For Ifrap, the Foundation for research on administrations and public policies, the dogma of "working more" is also obvious to save companies and avoid layoffs.

An old hand in social relations in France, and a former social advisor to Nicolas Sarkozy, Raymond Soubie was even surprised to see "no one anticipating" social plans and the situation of companies that will face "durably reduced markets".

He predicts the disappearance of "tens of thousands, and probably hundreds of thousands of jobs". So much so that he recommends reviewing "urgently". the rules of the social plans for the companies most in difficulty, and for the others to pass agreements providing for efforts by companies on employment in exchange for efforts of employees on working time.

A political debate

On the right, the proposals are multiplying. Christian Jacob, the president of LR, pleads to “get out of the shackles of 35 hours”, and his party is working on a recovery plan, with in particular the contributions of the former Minister of Budget Eric Woerth. "We have to get out of the shackles of 35 hours (...) The question of working time will have to be asked within the framework of social dialogue, but at the level of the company or in the branches, not of the State", he has Monday on France Inter.

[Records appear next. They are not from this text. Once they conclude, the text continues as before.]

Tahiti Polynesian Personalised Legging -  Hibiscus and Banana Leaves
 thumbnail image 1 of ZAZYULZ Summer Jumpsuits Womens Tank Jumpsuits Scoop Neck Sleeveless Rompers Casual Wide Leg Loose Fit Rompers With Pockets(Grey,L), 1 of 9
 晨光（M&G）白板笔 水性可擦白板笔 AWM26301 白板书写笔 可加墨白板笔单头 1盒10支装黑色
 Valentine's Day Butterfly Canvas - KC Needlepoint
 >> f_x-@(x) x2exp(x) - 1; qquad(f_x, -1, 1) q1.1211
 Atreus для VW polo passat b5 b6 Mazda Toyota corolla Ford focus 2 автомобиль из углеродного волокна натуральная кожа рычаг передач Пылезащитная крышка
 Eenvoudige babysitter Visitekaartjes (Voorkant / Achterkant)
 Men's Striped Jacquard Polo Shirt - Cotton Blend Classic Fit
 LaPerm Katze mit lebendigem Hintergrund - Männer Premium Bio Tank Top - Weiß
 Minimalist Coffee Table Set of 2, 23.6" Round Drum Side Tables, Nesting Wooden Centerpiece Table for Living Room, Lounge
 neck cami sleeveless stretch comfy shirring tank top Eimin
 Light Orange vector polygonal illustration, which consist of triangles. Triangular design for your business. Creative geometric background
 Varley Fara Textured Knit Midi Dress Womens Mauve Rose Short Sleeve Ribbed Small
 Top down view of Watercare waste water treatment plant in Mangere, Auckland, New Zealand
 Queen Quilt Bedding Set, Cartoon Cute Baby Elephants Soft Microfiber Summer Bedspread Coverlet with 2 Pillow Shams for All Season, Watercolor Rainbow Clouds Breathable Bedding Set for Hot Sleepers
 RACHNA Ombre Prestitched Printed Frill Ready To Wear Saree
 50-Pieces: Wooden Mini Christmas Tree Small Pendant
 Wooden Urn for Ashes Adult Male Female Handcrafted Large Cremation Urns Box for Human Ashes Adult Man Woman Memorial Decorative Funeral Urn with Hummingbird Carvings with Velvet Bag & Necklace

And he preaches on a case-by-case basis. “We can very well do this within the framework of the annualization of working time and to do it by company, as close as possible to reality, and in social negotiation between employees and the company manager. (...) This would allow employees to have an increase in wages and therefore purchasing power, and to restore competitiveness to businesses. (...) "

But longer working hours are not on the agenda for Laurent Berger. For him too, we "take too long" to worry about employment while "the risk of bankruptcies in cascade and its share of social and territorial dramas is confirmed".

"If we think that we are going to get out of it positively by promising sweat and tears, we are in the mad," he said in the weekly La Vie.

Rather than wanting to lengthen working hours, "we must learn to work differently and to work better", he argues, particularly worried about the situation of young people. The CGT also remains committed to 32 hours.

For now, the government is focusing above all on a return to work. "The problem of the day is getting back to work and saving jobs," said Labor Minister Muriel Pénicaud.

For her, companies already have room for maneuver negotiable with their employees, in particular the quota of 200 overtime hours without social security contributions, which is still very little used.